Honestly, it’s all in the lighting. There were two sources of light in the image that really help to sell it. The first light source was the aforementioned battery operated LED pin lights sitting underneath, and the second light source was natural light from a nearby window behind him. It was later in the afternoon when I shot this, and that window was on the side of the building opposite the sun, so I was getting a nice ambient light through the blinds. These two lights sources illuminate the T-Rex from the sides, which is exactly what you want when trying to exaggerate and show off texture and definition. Also, by not lighting him from the front, it retains that air of mystery, letting you see him, but hiding just enough in shadow to not reveal too much.
A “happy accident,” as Bob Ross would put it, was that the color temperature of the LED pin lights was warm. Really, really warm. It was way too orange. So when I started adjusting the white balance manually on the camera, and thus “cooling off” the LED light temperature, the light from the window (which was cooler in temperature than the pin lights) turned blue. It’s a fun trick I use sometimes with a flash gel, but in this instance it was completely unintentional. But hey, if happy accidents are good enough for Bob Ross, they’re good enough for me!
You probably noticed in the desk photograph that the wall was a light beige color. It picked up both the light from the LED and the outside light. That gradient in the background was in-camera. The pink and bright blue toward the bottom?
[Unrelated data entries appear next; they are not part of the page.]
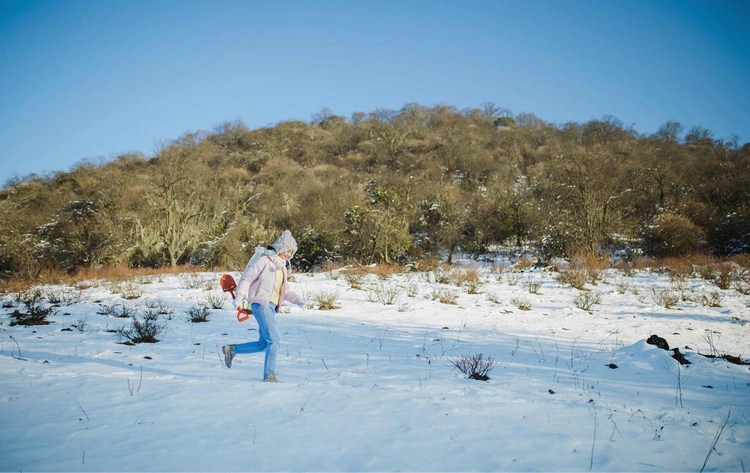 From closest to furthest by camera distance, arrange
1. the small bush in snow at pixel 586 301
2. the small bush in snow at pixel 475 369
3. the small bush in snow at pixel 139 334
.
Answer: the small bush in snow at pixel 475 369 < the small bush in snow at pixel 139 334 < the small bush in snow at pixel 586 301

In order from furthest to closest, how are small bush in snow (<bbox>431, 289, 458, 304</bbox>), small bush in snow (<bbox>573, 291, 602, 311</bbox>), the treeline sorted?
the treeline → small bush in snow (<bbox>431, 289, 458, 304</bbox>) → small bush in snow (<bbox>573, 291, 602, 311</bbox>)

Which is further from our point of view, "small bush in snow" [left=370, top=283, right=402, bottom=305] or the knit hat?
"small bush in snow" [left=370, top=283, right=402, bottom=305]

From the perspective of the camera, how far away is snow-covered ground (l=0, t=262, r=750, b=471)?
106 inches

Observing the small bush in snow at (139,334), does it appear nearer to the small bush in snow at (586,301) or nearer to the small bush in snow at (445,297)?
the small bush in snow at (445,297)

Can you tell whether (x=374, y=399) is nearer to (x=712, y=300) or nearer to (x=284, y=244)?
(x=284, y=244)

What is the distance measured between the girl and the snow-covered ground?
0.34 m

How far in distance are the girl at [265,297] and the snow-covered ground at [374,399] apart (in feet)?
1.13

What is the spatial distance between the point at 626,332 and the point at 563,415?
16.3 feet

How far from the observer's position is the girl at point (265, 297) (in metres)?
4.27

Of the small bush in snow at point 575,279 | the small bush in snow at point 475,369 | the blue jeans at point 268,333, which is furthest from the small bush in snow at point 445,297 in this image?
the blue jeans at point 268,333

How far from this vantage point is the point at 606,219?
20625 millimetres

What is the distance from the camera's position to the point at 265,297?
430 centimetres

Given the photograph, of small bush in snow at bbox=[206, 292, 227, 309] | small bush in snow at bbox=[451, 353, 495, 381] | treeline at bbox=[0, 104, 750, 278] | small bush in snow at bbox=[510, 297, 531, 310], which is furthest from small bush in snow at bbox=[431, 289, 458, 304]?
treeline at bbox=[0, 104, 750, 278]

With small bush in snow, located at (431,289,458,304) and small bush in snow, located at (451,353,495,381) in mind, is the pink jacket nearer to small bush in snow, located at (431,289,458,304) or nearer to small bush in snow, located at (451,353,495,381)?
small bush in snow, located at (451,353,495,381)
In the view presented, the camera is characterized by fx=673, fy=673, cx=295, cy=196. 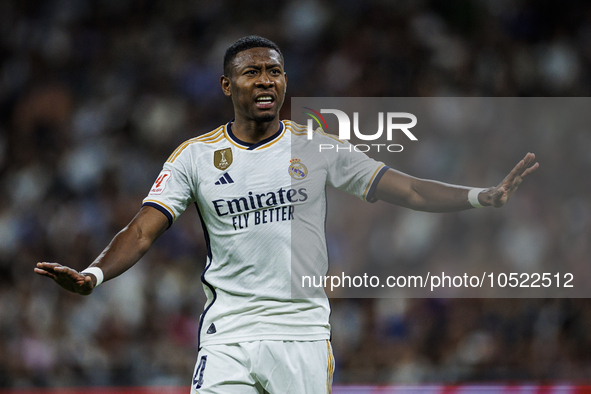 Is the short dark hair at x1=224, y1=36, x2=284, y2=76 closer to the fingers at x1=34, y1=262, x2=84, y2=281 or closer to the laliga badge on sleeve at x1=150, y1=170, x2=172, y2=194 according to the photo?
the laliga badge on sleeve at x1=150, y1=170, x2=172, y2=194

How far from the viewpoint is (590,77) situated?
342 inches

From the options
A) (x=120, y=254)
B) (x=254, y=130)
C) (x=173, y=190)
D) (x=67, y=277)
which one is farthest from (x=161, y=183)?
(x=67, y=277)

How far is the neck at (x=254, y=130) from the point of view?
149 inches

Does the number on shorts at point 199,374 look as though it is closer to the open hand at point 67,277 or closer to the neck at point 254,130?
the open hand at point 67,277

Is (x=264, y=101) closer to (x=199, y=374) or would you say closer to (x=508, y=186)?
(x=508, y=186)

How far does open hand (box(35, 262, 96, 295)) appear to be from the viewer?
2.96m

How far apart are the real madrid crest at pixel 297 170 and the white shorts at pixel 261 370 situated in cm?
89

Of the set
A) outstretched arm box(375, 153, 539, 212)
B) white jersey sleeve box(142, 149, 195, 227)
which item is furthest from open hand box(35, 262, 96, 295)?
outstretched arm box(375, 153, 539, 212)

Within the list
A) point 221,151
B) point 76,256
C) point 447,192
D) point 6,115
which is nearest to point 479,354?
point 447,192

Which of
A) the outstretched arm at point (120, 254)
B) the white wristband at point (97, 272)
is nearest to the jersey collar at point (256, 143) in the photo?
the outstretched arm at point (120, 254)

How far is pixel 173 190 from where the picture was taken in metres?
3.66

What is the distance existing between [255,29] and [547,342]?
5.79 m

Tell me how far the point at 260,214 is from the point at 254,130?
520mm

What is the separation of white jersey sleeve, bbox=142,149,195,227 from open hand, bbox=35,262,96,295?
62 cm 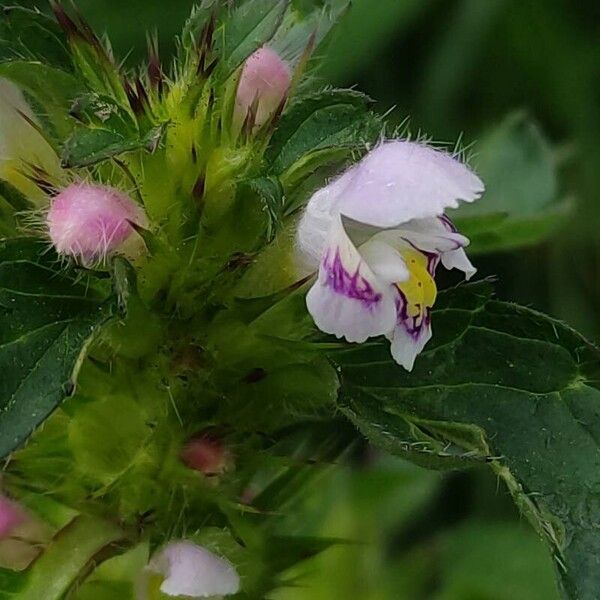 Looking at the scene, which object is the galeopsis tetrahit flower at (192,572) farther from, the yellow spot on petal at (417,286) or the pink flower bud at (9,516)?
the yellow spot on petal at (417,286)


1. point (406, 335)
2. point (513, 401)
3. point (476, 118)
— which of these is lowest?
point (476, 118)

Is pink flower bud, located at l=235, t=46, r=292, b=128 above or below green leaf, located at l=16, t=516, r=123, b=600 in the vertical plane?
above

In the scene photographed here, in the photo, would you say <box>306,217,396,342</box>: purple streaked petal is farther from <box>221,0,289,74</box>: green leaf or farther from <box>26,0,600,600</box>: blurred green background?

That’s the color of the horizon shining over a blue ocean. Just kidding, it’s the calendar on the desk that I didn’t bother to move out of the shot because I was lazy. But hey, Bob Ross, remember?
As for the camera settings themselves, I used my Nikon D800 with a 50mm prime lens, at f1.8, focused on the eye of the T-Rex. I can’t remember the shutter speed or the ISO, and honestly, they don’t matter here. What does matter is that f1.8 aperture. That is what gives the photograph the extremely shallow depth-of-field (DOF). It’s why parts of the moss and the hind-quarter of the T-Rex are out of focus. Again, no photoshop blur filter here, just in-camera focus. Aside from some basic brightness/contrast adjustments and a little bit of color tweaking, all of the effects seen in the photo are done in camera, except for one…
The clouds are fake. Now, I know I’m good, but I didn’t have any cotton, and I still have yet to figure out how use my Harry Potter wand to conjure cirrus clouds on a whim in a small two-bedroom apartment. The clouds were a last-minute decision, and they were done as a means of adding just a little bit of drama to the otherwise empty sky. Maybe it was the landscape photographer in me, but I needed clouds. They were added via a simple cloud brush I found online. I installed the brush, set the color to white, click-click, BAM! Clouds.
And that’s really all there was to it. One of the greatest things about this photograph is how much it doesn’t look like a photograph. I love it. Hopefully you do as well, and I really hope this maybe inspires you to try something new with your camera, get out of your comfort zone and have some fun with it. So get out there and shoot. Or stay in and shoot. It really doesn’t matter.
If you read this all the way to the end, thank you so much for sticking around. I debated for a while on whether or not to post this article. It’s very candid and light-hearted. Let me know if you’d like to see more serious takes on photography, or if things like this hold more value to you. In the end, I’ll do what I do, but it’s always nice to get feedback. Thanks for your time!